Sure, but means we'll be pushing the calls to getStorageLocation to callers. I'm fine with that, since it means a less janky API, but just want to call that out.

534

The new value for Loc1/Loc2 won't be connected to anything, so it won't bring any benefit to the modeling -- it will only make the code simpler.

ymandel marked 2 inline comments as done.Jan 31 2023, 8:54 AM

Gentle ping.

xazax.hun accepted this revision.Jan 31 2023, 3:07 PM

This change looks good to me. I wonder, however, whether the behavior should be parameterized in the future. E.g., whether the user of the analysis should be able to make a decision whether the analysis should be pessimistic or optimistic about unmodeled values.

This revision is now accepted and ready to land.Jan 31 2023, 3:07 PM

This change looks good to me. I wonder, however, whether the behavior should be parameterized in the future. E.g., whether the user of the analysis should be able to make a decision whether the analysis should be pessimistic or optimistic about unmodeled values.

Interesting idea. I think this goes along with other places where we are unsound. Here, we err on the side of soundness. but, in general, we should have a configuration mechanism for this. FWIW, the only reason we have uninitialized values at this point is recursive types. We also limit the depth of structs, but that should be removed given my recent patch to only model relevant fields. I have an idea for lazy initialization of values that I think could solve the recursion issue. Together, we could remove this concept of unmodeled values altogether from the framework.

This revision was landed with ongoing or failed builds.Feb 1 2023, 7:57 AM
This revision was automatically updated to reflect the committed changes.

This change looks good to me. I wonder, however, whether the behavior should be parameterized in the future. E.g., whether the user of the analysis should be able to make a decision whether the analysis should be pessimistic or optimistic about unmodeled values.

Interesting idea. I think this goes along with other places where we are unsound. Here, we err on the side of soundness. but, in general, we should have a configuration mechanism for this. FWIW, the only reason we have uninitialized values at this point is recursive types. We also limit the depth of structs, but that should be removed given my recent patch to only model relevant fields. I have an idea for lazy initialization of values that I think could solve the recursion issue. Together, we could remove this concept of unmodeled values altogether from the framework.

Oh, sounds great! I do think lazy initialization will be really valuable to reduce the number of unmodeled values, but not entirely sure if we can completely eliminate them. In case we end up creating new locations (different from the earlier ones) in every iteration of the loop it might be harder to reach a fixed point.

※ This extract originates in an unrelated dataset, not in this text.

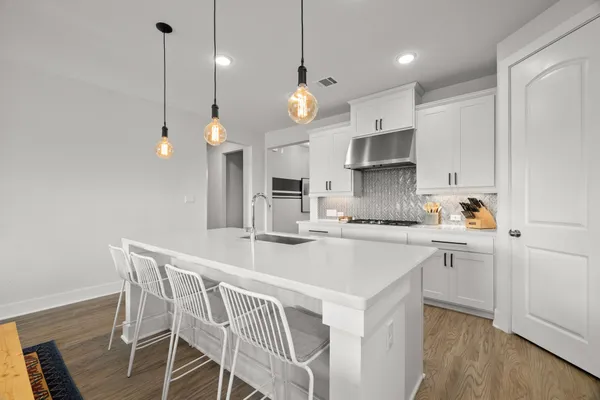 a kitchen that has a lot of cabinets in it with stainless steel appliances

This change looks good to me. I wonder, however, whether the behavior should be parameterized in the future. E.g., whether the user of the analysis should be able to make a decision whether the analysis should be pessimistic or optimistic about unmodeled values.

Interesting idea. I think this goes along with other places where we are unsound. Here, we err on the side of soundness. but, in general, we should have a configuration mechanism for this. FWIW, the only reason we have uninitialized values at this point is recursive types. We also limit the depth of structs, but that should be removed given my recent patch to only model relevant fields. I have an idea for lazy initialization of values that I think could solve the recursion issue. Together, we could remove this concept of unmodeled values altogether from the framework.

Oh, sounds great! I do think lazy initialization will be really valuable to reduce the number of unmodeled values, but not entirely sure if we can completely eliminate them. In case we end up creating new locations (different from the earlier ones) in every iteration of the loop it might be harder to reach a fixed point.

True, and in some sense TopBoolValue is already that. If we extended Top to other value domains (like struct) the code would end up looking very similar, just spelled "top" instead of "nullptr". I'd prefer Top over nullptr, but it admittedly wouldn't change things in a fundamental way.